[aprssig] TH-D7AG in the U.K.

Iain Young g7iii at g7iii.net
Wed May 2 16:07:43 EDT 2007


Hi David,

You Wrote:

> Are G/<callsign> and M/<callsign> equally valid for England (as well as 
> the two-letter equivalents for the other UK bits)?  Any reason to pick 
> one over the other, other than fondness for one letter over the other?

As far as I'm aware yes, both are equally valid, as both G, and M are
allocated to Great Britain by the ITU. Ditto with 2, but you need 2E
in that case.

No real reason to choose one over the other, although if you're going
mobile with voice, M/KY7DR/M might get a bit repetitive/confusing, let
alone Martime Mobile. Not so important with APRS I guess.

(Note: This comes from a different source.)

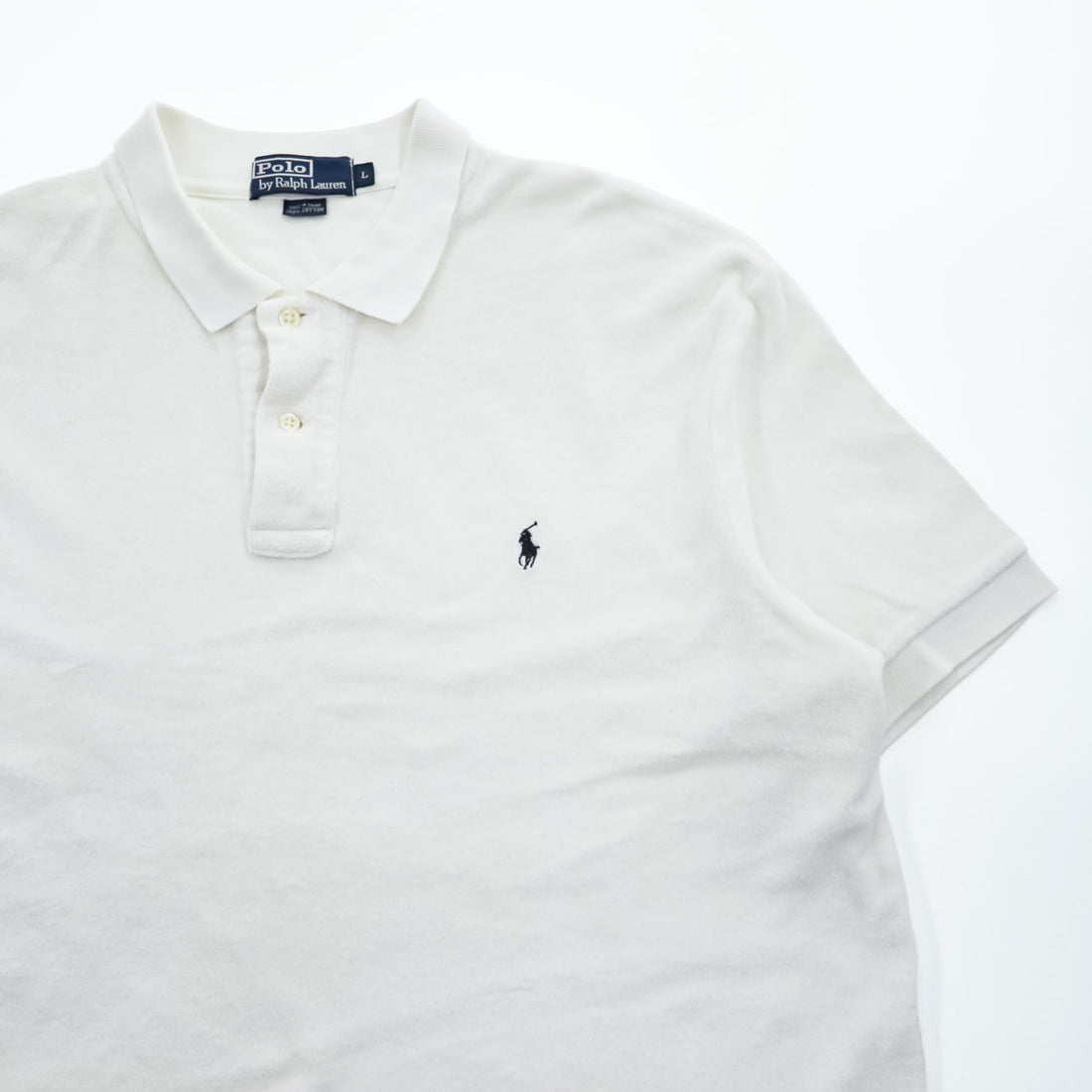 Polo Ralph Lauren 90年代 ヴィンテージ パイル地 ポロシャツ L ホワイト スモールポニー ロゴ 刺繍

Historically G was used before the M callsigns came along, however
they've been with us long enough now that everyone pretty much knows
both.


A few other points that may be of interest:

1) VHF Repeater outputs are 145.600 thru to 145.775 on 2m, Originally
25kHz spacing, these days 12.5kHz, but a lot of the "older" repeaters
will be on their original channels. Inputs are -600kHz. Access may be
via CTCSS tones, or 1750Hz tone-burst

2) UHF Repeater outputs are 433.000 thru to 433.375, 25kHz spacing,
Inputs are +1600kHz. Same as on 2m on the access.

3) Simplex on 2m is 145.200 thru to 145.575, 12.5kHz spacing, 70cms
is 433.400 thru to 433.575, 25kHz spacing.